Надо любить словари, потому что это сокровищницы языка.
Слова от употребления устают, теряют свою заклинательную силу. Тогда необходимо обновить язык, взять часть от древних сокровищ, скрытых в тайниках языка, и бросить их в литературу.
Надо идти учиться у "московских просвирен", учиться писать у "яснополянских деревенских мальчишек" или в те времена, когда сами московские просвирни забыли свой яркий говор, а деревенские мальчишки стали грамотными, идти к словарям, летописям, областным наречиям, всюду, где можно найти живой и мертвой воды, которую можно брызнуть на литературную речь.

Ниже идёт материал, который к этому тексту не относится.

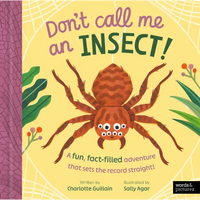 Don't Call Me an Insect! - Hardcover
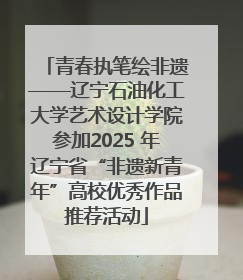 青春执笔绘非遗——辽宁石油化工大学艺术设计学院参加2025 年辽宁省“非遗新青年”高校优秀作品推荐活动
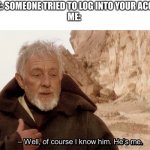 Top 5 greatest plot twists of all time | GOOGLE: SOMEONE TRIED TO LOG INTO YOUR ACCOUNT!
ME: | image tagged in obi wan of course i know him he s me,google | made w/ Imgflip meme maker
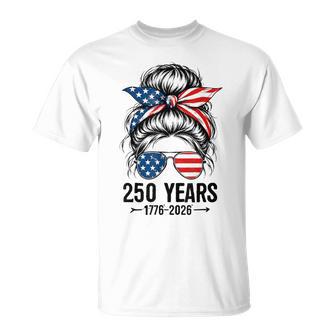 250 Years America 250 Anniversary Usa 4Th Of July Girl T-Shirt - Thegiftio UK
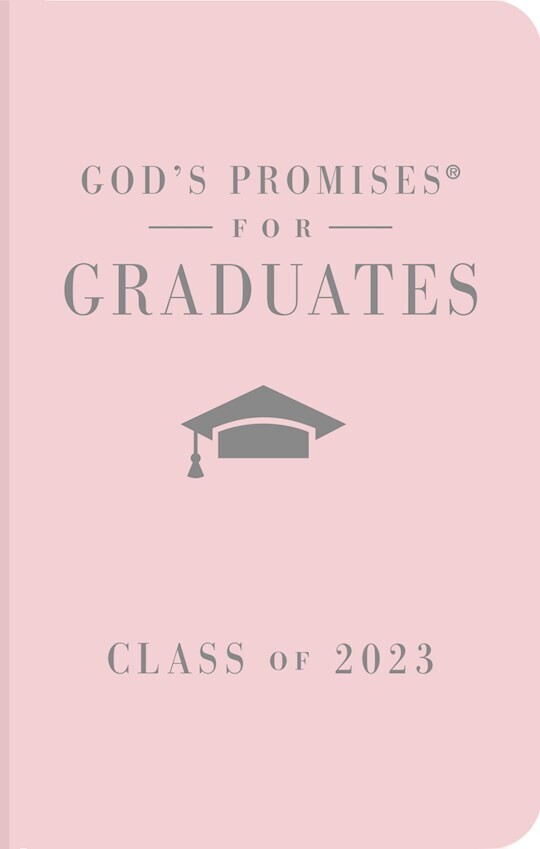 God's Promises for Graduates - Class of 2023 (pink)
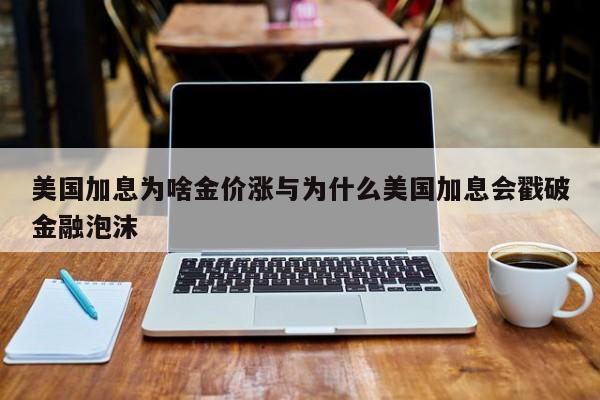 美国加息为啥金价涨与为什么美国加息会戳破金融泡沫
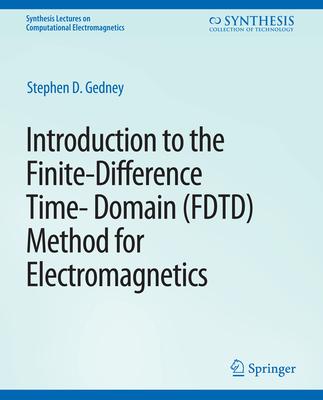 Introduction to the Finite-Difference Time-Domain (Fdtd) Method for Electromagnetics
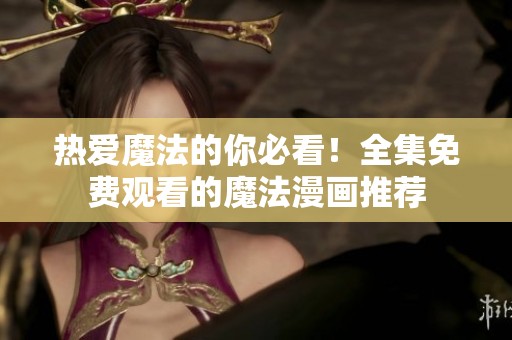 热爱魔法的你必看！全集免费观看的魔法漫画推荐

В "Посолонь" целыми пригоршнями кинуты эти животворящие семена слова, и они встают буйными степными травами и цветами, пряными, терпкими, смолистыми...
Язык этой книги как весенняя степь, когда благоухаете, птичий гомон и пение ручейков сливаются в одна многочисленный оркестр.
Как степь, тянется "Посолонь" без конца и без начала, меняя свой лик только по временам года, чередующимся по солнцу и от "Весны красны" переходя к "Лету красному", сменяясь "Осенью темной", замирая "Зимой лютой".
И когда приникнешь всем лицом в эту благоухающую чашу диких трав, то стоишь завороженный цветами, как "Chevalier des Fleures" {"Кавалер цветов" (фр.).}, зачарованным ухом вникая в шелесты таинственных голосов земли.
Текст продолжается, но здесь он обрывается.